Software engineering contract revenues increased 14.9% to $8.9 million for the
three months ended March 31, 1999 from $7.8 million for the three months ended
March 31, 1998. The increase is primarily attributable to new Year 2000
conversion orders with the State of Kansas as well as new orders from other
state governments and commercial companies.
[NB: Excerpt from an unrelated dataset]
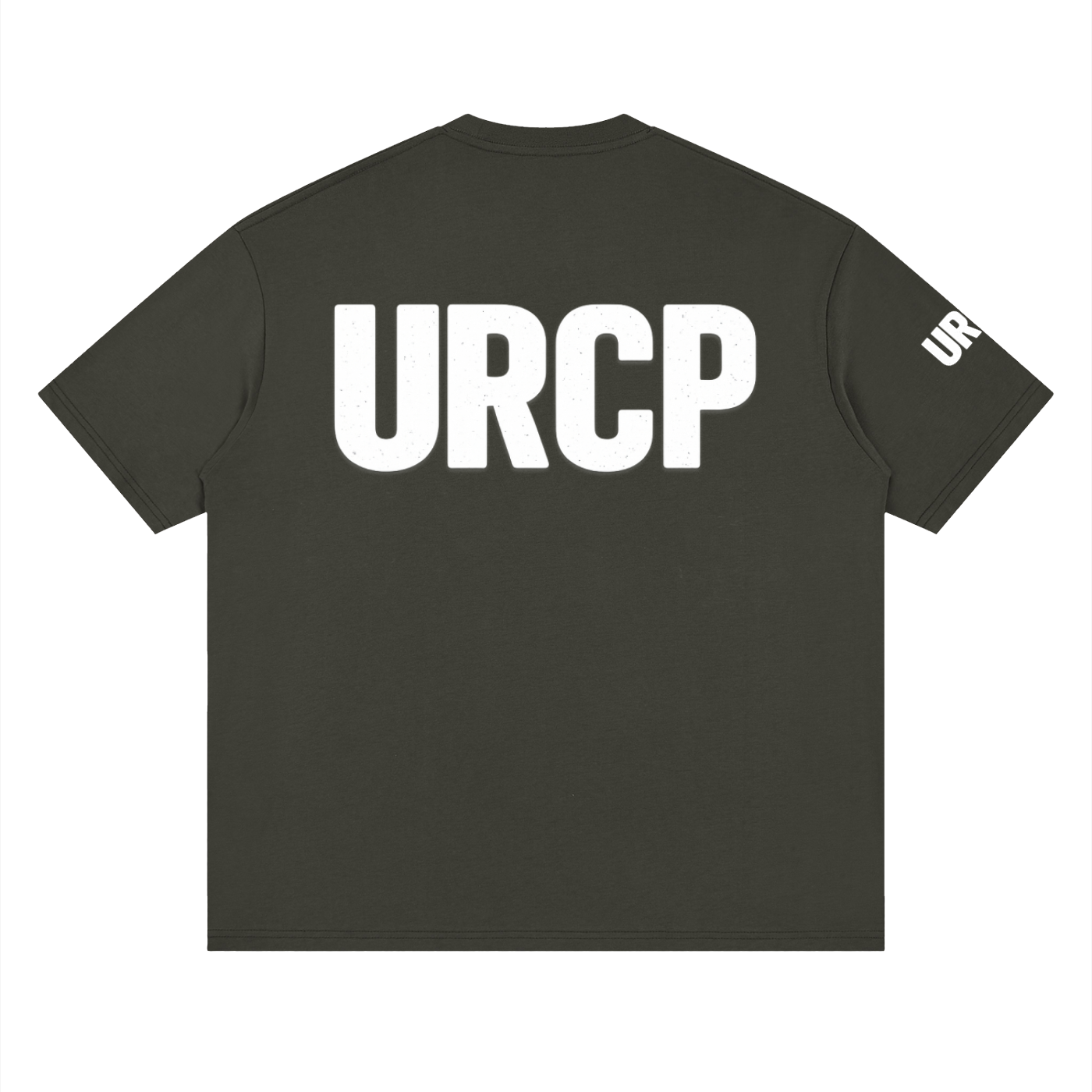URCP UNISEX TEE (back design)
COST OF CONTRACT REVENUES. Cost of contract revenues increased to $21.7
million, or 75.9% of contract revenues, in 1999 from $20.0 million, or 78.9%
of contract revenues, in 1998. This decrease in cost of contract revenues as a
percentage of contract revenues resulted primarily from the increase of higher
margin embedded systems contracts as a percentage of overall contract
revenues.
7
SG&A. Selling, general and administrative expenses (SG&A) for 1999 increased
to $4.4 million, or 15.5% of contract revenues, from $3.2 million, or 12.8% of
contract revenues, in 1998. The increase in SG&A reflects the Company's
continued investment in infrastructure and in the initiatives required to
implement the Company's marketing strategies, as well as increased focus on
commercial markets.
OTHER EXPENSES. Other expenses decreased to $0.4 million, or 1.4% of contract
revenues, in 1999 from $0.6 million, or 2.4% of contract revenues, in 1998.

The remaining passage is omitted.